Aegis-AI-Content-Safety-LlamaGuard-Defensive-1.0
Property | Value |
---|---|
Base Model | Llama2-7B |
License | Llama 2 Community License Agreement |
Paper | Aegis Content Moderation (arXiv:2404.05993) |
Author | NVIDIA (Shaona Ghosh) |
What is Aegis-AI-Content-Safety-LlamaGuard-Defensive-1.0?

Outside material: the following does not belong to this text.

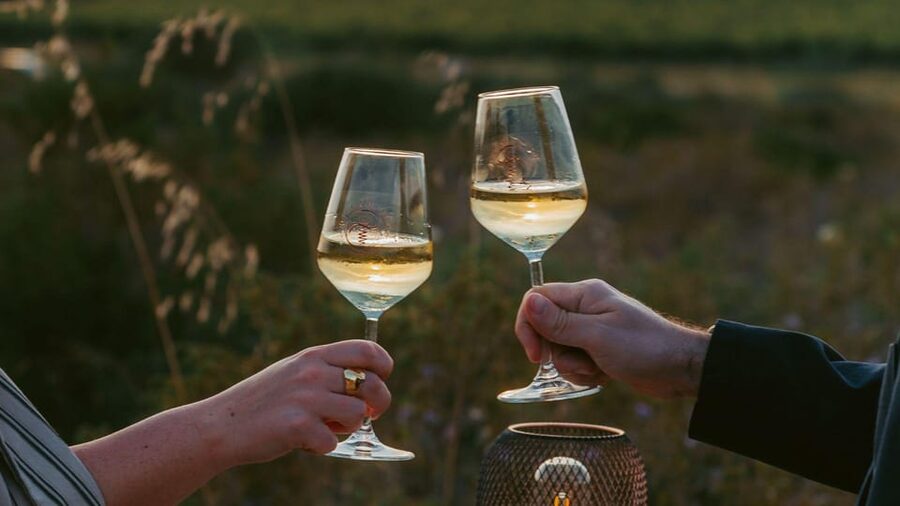 Castelsardo: visit a vineyard with wine tasting at sunset - Walking through the vines with Giovanni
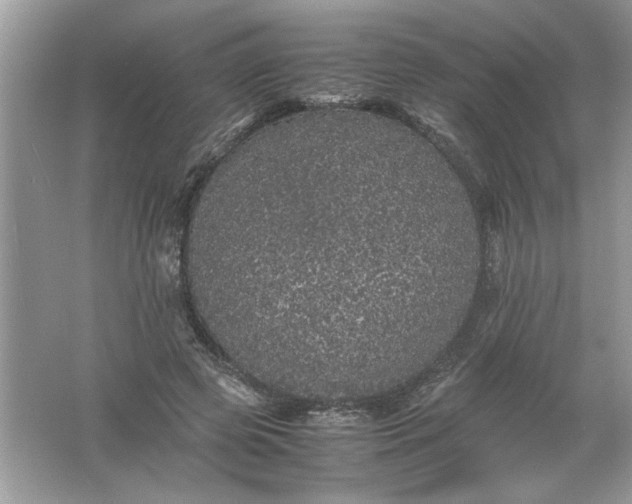 X0000061760545200512161746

This is NVIDIA's advanced content safety model built on Llama Guard, specifically designed to detect and classify potentially harmful content across 13 critical safety categories. Trained on the proprietary Aegis Content Safety Dataset containing 11,000 annotated prompts, it serves as a robust defensive layer for AI systems.
Implementation Details
The model utilizes parameter-efficient instruction tuning on Llama2-7B, implementing PEFT (Parameter-Efficient Fine-Tuning) techniques. It's trained using FSDP (Fully Sharded Data Parallel) with fp16 precision, achieving state-of-the-art performance metrics including 0.941 AUPRC on the Aegis test set.

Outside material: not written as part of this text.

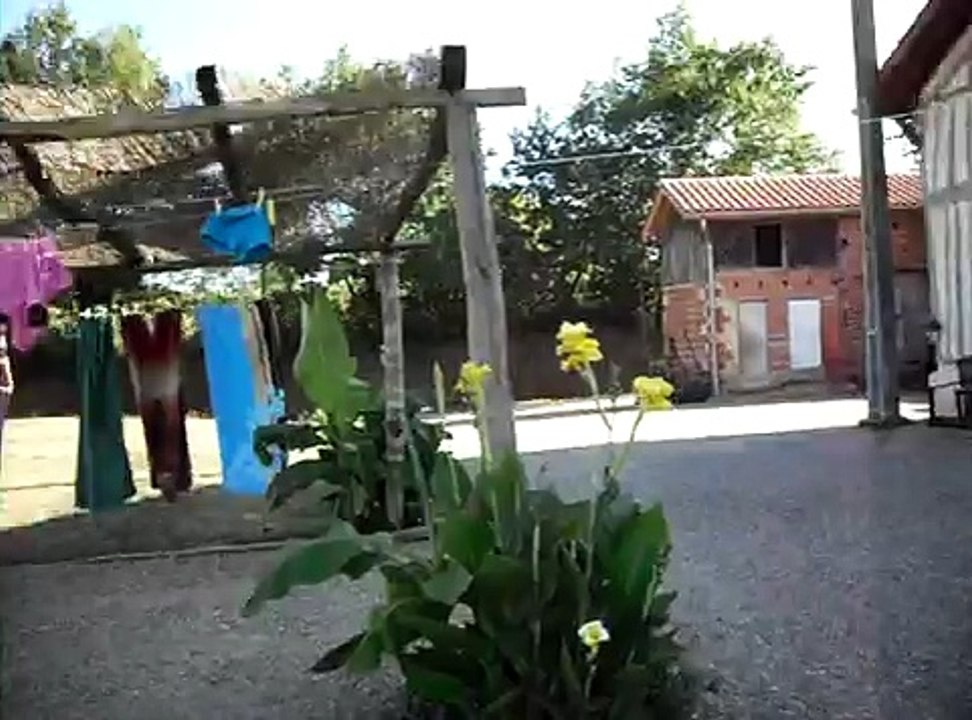 Saut Trampoline /piscine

- Trained on 8 GPUs per node with rank 16 and alpha 32
- Uses advanced prompt classification architecture
- Implements comprehensive safety taxonomy covering violence, harassment, hate speech, and more
Core Capabilities
- Real-time content safety assessment
- Classification across 13 distinct safety categories
- Support for custom safety policies and taxonomies
- High accuracy in detecting harmful content (100% accuracy on Simple Safety Tests)
Frequently Asked Questions
Q: What makes this model unique?
The model combines NVIDIA's extensive safety taxonomy with parameter-efficient tuning of Llama Guard, achieving superior performance across multiple benchmarks including Toxic Chat Dataset and OpenAI Moderation Dataset.
Q: What are the recommended use cases?
Primary applications include safeguarding general-purpose LLM content, evaluating pre-training data toxicity, and implementing custom content moderation policies. It's particularly effective for organizations requiring robust content safety measures.